Data records

"""

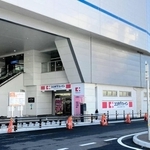 深江駅の１階に開業したドラッグストア「ココカラファイン阪神深江駅店」＝神戸市東灘区深江北町４（阪急阪神不動産提供）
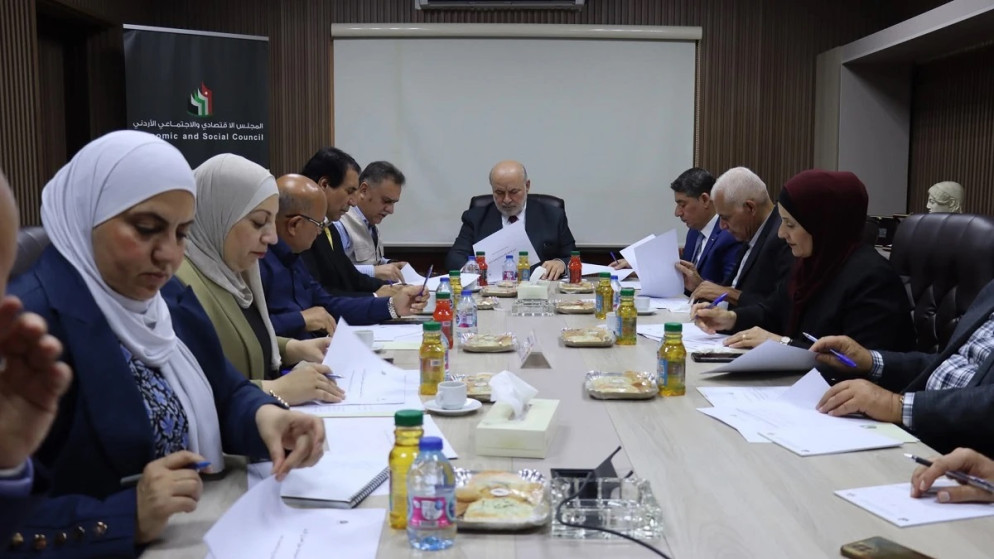 المجلس الاقتصادي والاجتماعي يضع دراسة اسباب البطالة على راس اولوياته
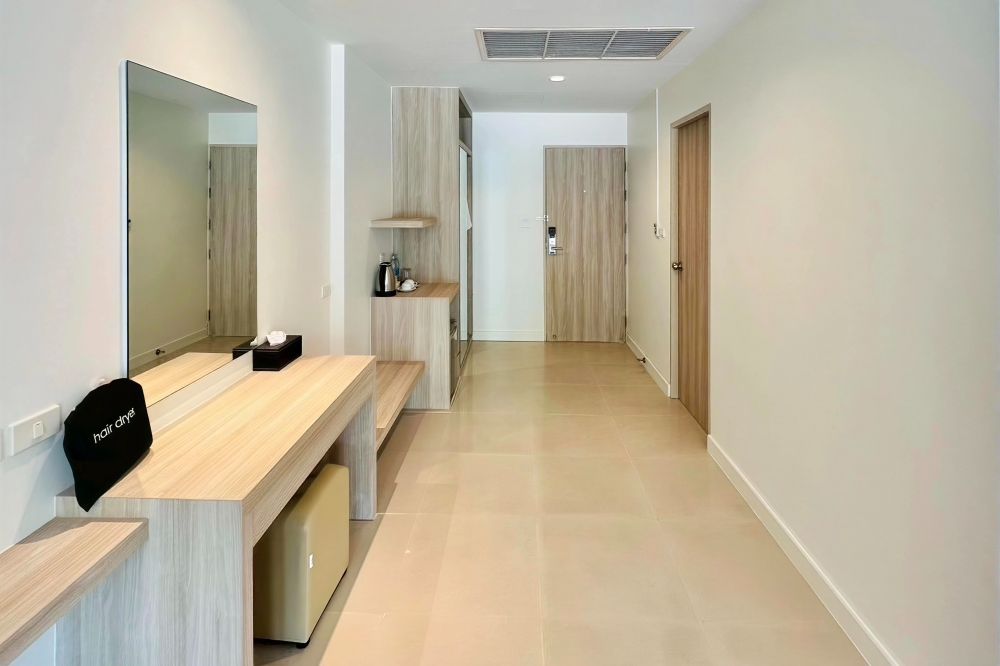 Deluxe Room with Pool View, Ramada By Wyndham Aonang Krabi 4*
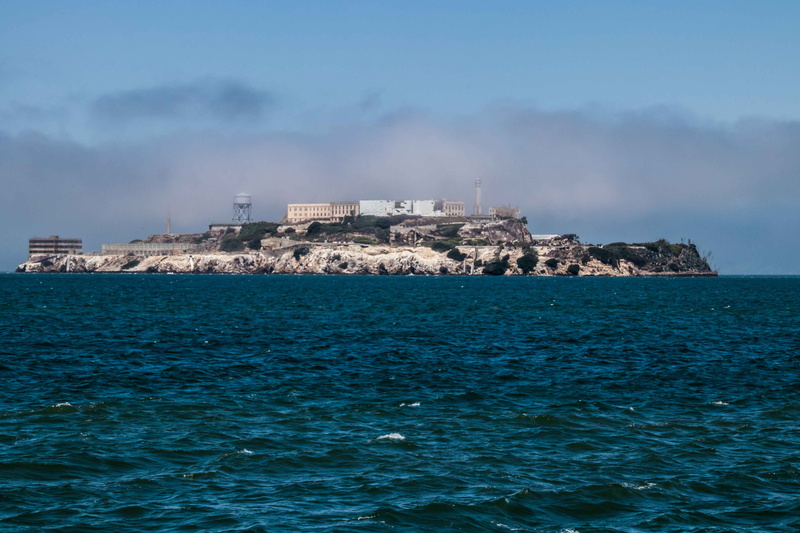 tranquil scene, cloud - sky, occupation, sea, prison, day, 5K, prison island, no people, waterfront, high security prison, built structure, san francisco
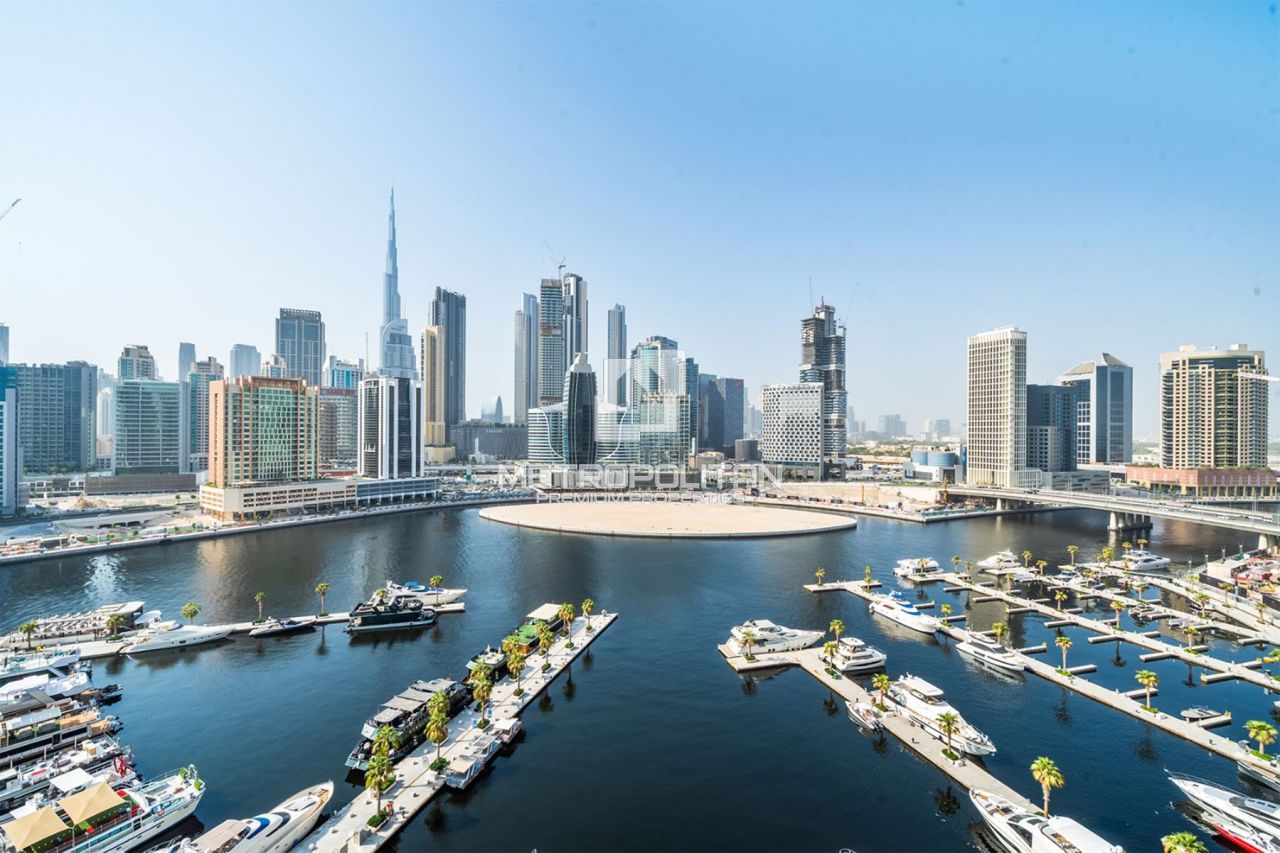 Apartment in Dubai, UAE, 579 m² - picture 13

"""

**What you have to do:**
Working from the line with "Deluxe Room with" down through the last line of the records, give every line again exactly, but no pictures.

**Output of the exercise:**
 Deluxe Room with Pool View, Ramada By Wyndham Aonang Krabi 4*
 tranquil scene, cloud - sky, occupation, sea, prison, day, 5K, prison island, no people, waterfront, high security prison, built structure, san francisco
 Apartment in Dubai, UAE, 579 m² - picture 13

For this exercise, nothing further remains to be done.